Ce 21 septembre, à Strasbourg, un homme a sorti un couteau et a agressé deux policiers qui tentaient de le neutraliser après avoir insulté et frappé deux femmes dans la rue. Il a écopé de deux ans de prison, dont six mois avec sursis.
Un homme a été condamné, ce mardi 24 septembre, pour avoir agressé deux femmes et des policiers dans la rue, à Strasbourg. Photo : Fanny Lardillier
On se serait cru dans une mauvaise parodie. Un juge abasourdi, des avocats dépassés, un public qui oscille entre colère et rire, et deux victimes, qui ne se connaissent pas mais qui, selon l’accusé, mentent toutes les deux. Parmi les huit infractions qui sont retenues contre Yves. E, ce dernier n’en reconnait quasiment aucune. Pourtant, ce 21 septembre à 19h25, c'est bien cet homme de 39 ans qui, près du cinéma Rive-Étoile, a suivi une femme en l'insultant. Quelques minutes plus tard, il a importuné une autre femme et giflé violemment une passante qui le défiait du regard. Lors de son interpellation par deux policiers municipaux, il a sorti un couteau de 15 centimètres, les a insultés et frappés violemment avant d'être placé en garde à vue.
Un prévenu qui nie en bloc
Mais ce 24 septembre, au Palais de Justice de Strasbourg, lors de son procès en comparution immédiate, rien de tout cela ne semble s’être produit si l'on en croit l'accusé. Derrière la vitre, Yves E., 39 ans, lunettes dorées sagement posées sur le nez, reconnaît seulement avoir suivi la première femme, et avoir mis une gifle à l’autre. Le motif ? "Elle me provoquait, elle se moquait de moi alors que je n’avais rien fait." Concernant les insultes à caractère sexuelles assénées à l’encontre de la première victime, il nie encore et explique que cette dernière, voulait "enflammer l’histoire".
Face à cet homme qui affirme avec aplomb n’être qu’une victime, le président d’audience finit par élever la voix : "Enflammer l’histoire", répète-t-il, incrédule. "C’est difficile de garder son calme avec vous.

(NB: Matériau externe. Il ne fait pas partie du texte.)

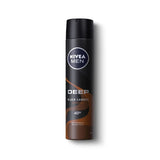 MEN DEEP Espresso Anti-Perspirant Spray For Men, 48h - 200ml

Vous pensez qu’elle a voulu venir au tribunal un mardi après-midi pour le plaisir de raconter des histoires ? Elle va tranquillement au cinéma, rejoindre une amie, et s’est retrouvée à avoir peur pour sa vie."
Sororité entre les victimes
Les deux victimes, qui ne se connaissaient pas, se tiennent désormais courageusement la main sur le banc du tribunal. Tour à tour, elles s'avancent pour raconter à nouveau le traumatisme qu'elles ont subi. À chaque fois, Yves E. les interrompt : "C’est faux", insiste-t-il. Exaspéré, le président finit par donner la parole à la dernière victime avec une pointe d'ironie : "Écoutons donc une autre menteuse". La femme d’une quarantaine d’années, qui avait défié l’homme du regard, s’avance en tremblant au micro. "Depuis que j’ai su qu’il avait deux couteaux sur lui, j’imagine qu’à la place de sa main quand il me gifle, c’est un couteau", dit-elle avant d’exploser en larmes. Plus tard, son avocat saluera son courage : "C’est aussi à nous de lui dire qu’elle a eu raison, malgré ce qu’elle a vécu, de s’interposer. Et que ça ne restera pas impuni."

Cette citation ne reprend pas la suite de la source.